With the election of Senator Barack Obama as the nation’s 44th president, those that play professional sports and the agents who represent may look to adjust contract structures before Obama takes office in January.
One of the president-elect’s main campaign promises deals with an increase in taxes for those making more than $250,000 a year, from 35 percent to 39.6 percent as it was during the Clinton administration.
This year, the MLB league minimum salary was $380,000. In 2009, that figure jumps to $400,000.
To help players get around the taxman, agents are considering the use of bonuses to get money in the hands of players before the possible change comes about under the Obama administration.

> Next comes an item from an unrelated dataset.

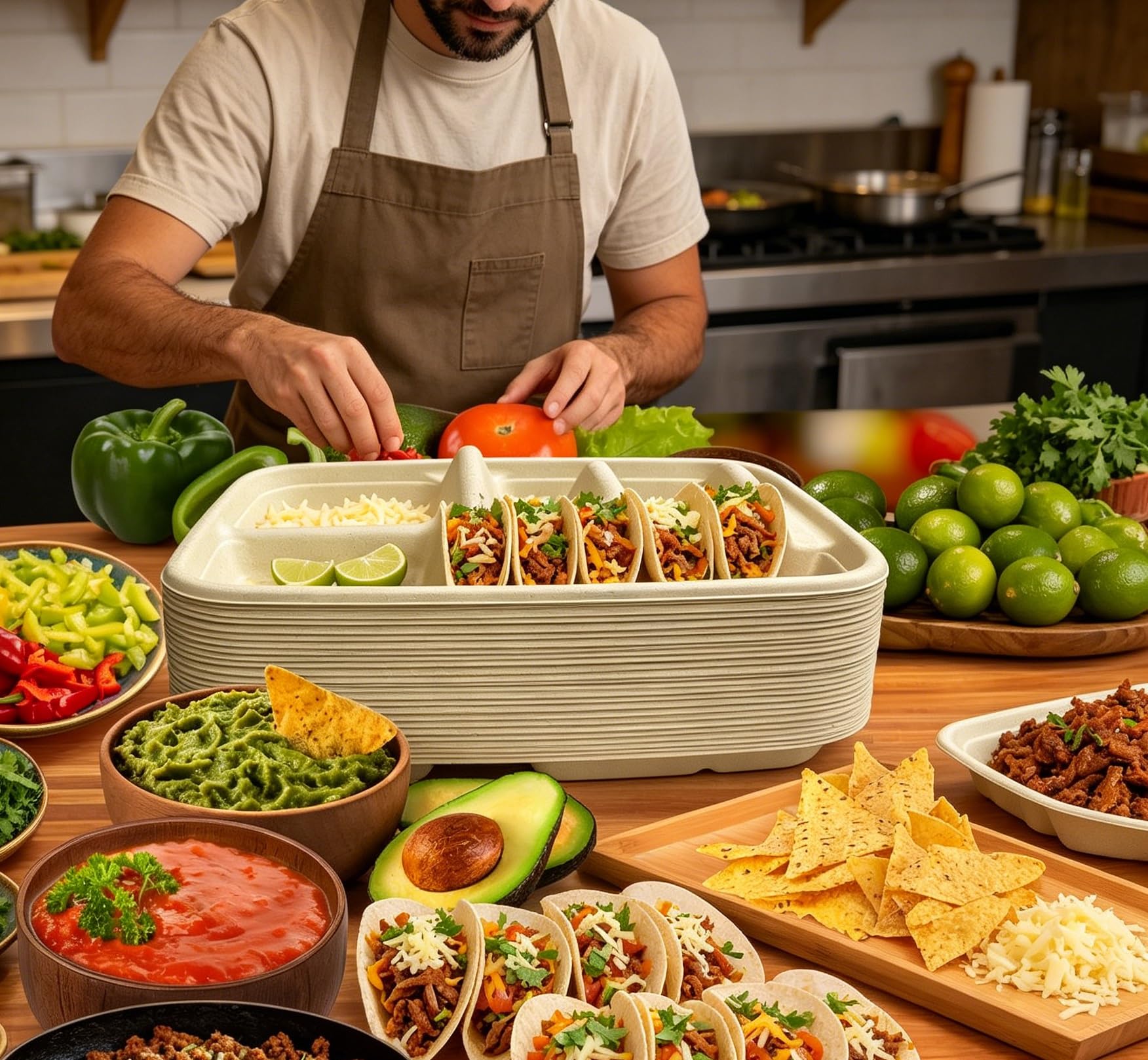 Taco Stand for Tuesday and bar serving set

As reported by Ronald Blum of The AP:
“It’s something we’ll consider,” agent Craig Landis said Tuesday at the general managers’ meetings. “Besides the federal issue, we have a state issue in some cases, anyway, where it’s advantageous to take signing bonuses because of the state income tax. A Florida resident can take the signing bonus and not have to pay his team’s state tax.”

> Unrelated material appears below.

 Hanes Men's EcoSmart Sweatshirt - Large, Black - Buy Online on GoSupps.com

In other news from the first full day of the GM meetings in Dana Point, CA, as reported by The AP:
Listing some of the Wall Street firms that have fallen, baseball commissioner Bud Selig warned GMs in a video conference about the national economy, mentioning that Bear Stearns, Lehman Brothers and Merrill Lynch have all collapsed or been take over in the past year.
“We’re living in a tumultuous economic period,” Selig said later in a telephone interview with The Associated Press. “Many economists believe that we’re going to have significant problems. Maybe this could turn out to be the most difficult period since the Great Depression. I view these coming months with trepidation.”
Between the possible tax changes and the focus on the economy, contract negotiations will be anything but normal this off-season. With their new stadiums opening next season, the Mets and the Yankees may not feel the effects of the downturn in the economy, but others certainly will. It may take far longer to reach contract negotiations to be completed than in recent years.